Exeter Civic Society

Exeter Civic Society

Harlequins Centre Redevelopment

We have copied some of the revised drawings from the planning application site so members can view the application more easily.

In 2019 Exeter City Council received a planning application for the redevelopment of the shopping centre site to build a Hotel and a Co-living block. The proposals were for 298 co-living rooms with amenity space and 230 cycle spaces, and the hotel would have 114 bedrooms with restaurant and 42 parking spaces. The Harlequins Centre has had a troubled recent past with many shop units being empty, and it’s exterior architecture is said by many to be ugly and over bearing, particularly the Paul Street elevations which are austere and without windows or any interest. The concrete vehicular ramp from Paul Street to the Guildhall Centre car park is an eyesore and a hindrance to redevelopment of the site, but needs to remain for the foreseeble future.

The application for redevelopment from Curlew Developments has been roundly condemned with over 200 objections, including from the Civic Society and English Heritage. Whilst many of us wish to see the Harlequins Centre buildings replaced and for Paul Street to be made more attractive, the height and mass of the proposed redevelopment is not appropriate for this site, which is positioned in the City Centre Conservation area, is adjacent to the Roman City Wall (a national monument), and is adjacent to the St Davids Conservation area and homes in Northernhay Street.

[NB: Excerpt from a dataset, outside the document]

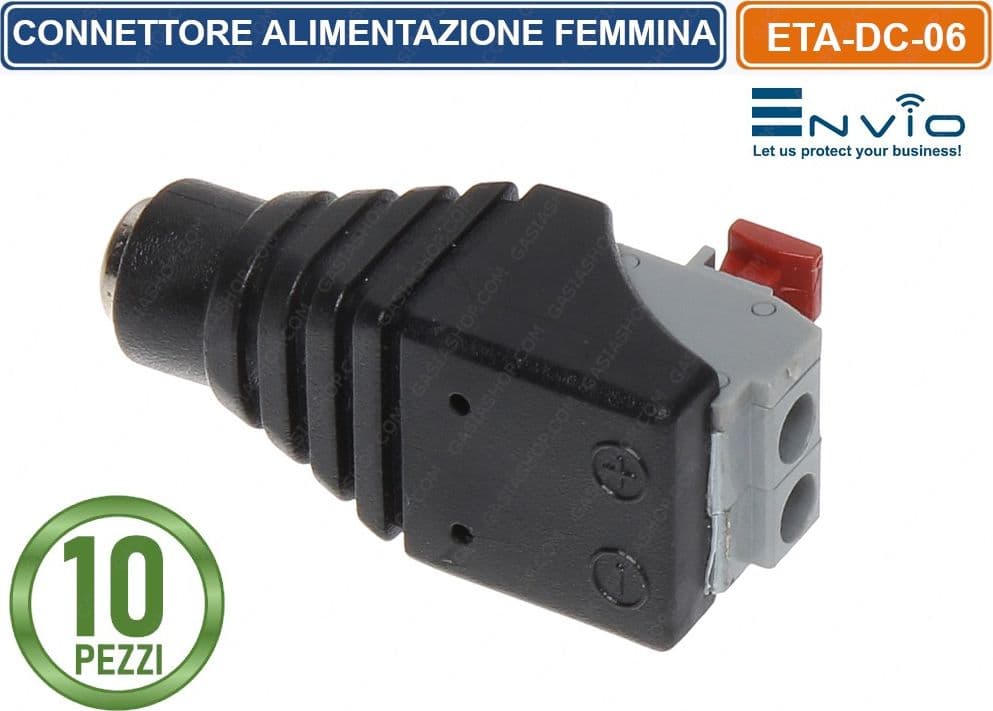 CONFEZIONE 10 PEZZI CONNETTORE ALIMENTAZIONE FEMMINA CON MORSETTO POLARIZZATO A CONNESSIONE RAPIDA - 3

As a result of the large number of objections, the applicant decided to submit a slightly revised scheme in May 2020 by reducing the height of the two blocks by one floor, removing co-living rooms from the Hotel block, and changing the designs of each block to differentiate each. The overall level of accommodation now is 259 co-living rooms and 138 cycle spaces and the hotel will have 128 bedrooms with 44 car park spaces. The Co-living block has five floors of accommodation plus the ground floor which is 1.5 floor height, and a roof parapet to shield equipment located there; in all this equates to seven storeys, but adjacent buildings are 3-4 storeys. The Hotel block is similar in height to the Guildhall Centre but the tower part also extends to seven storeys from street level with the block fronting Paul Street extending to five storeys.

It is highly likely that the Civic Society will again object to the revised proposals.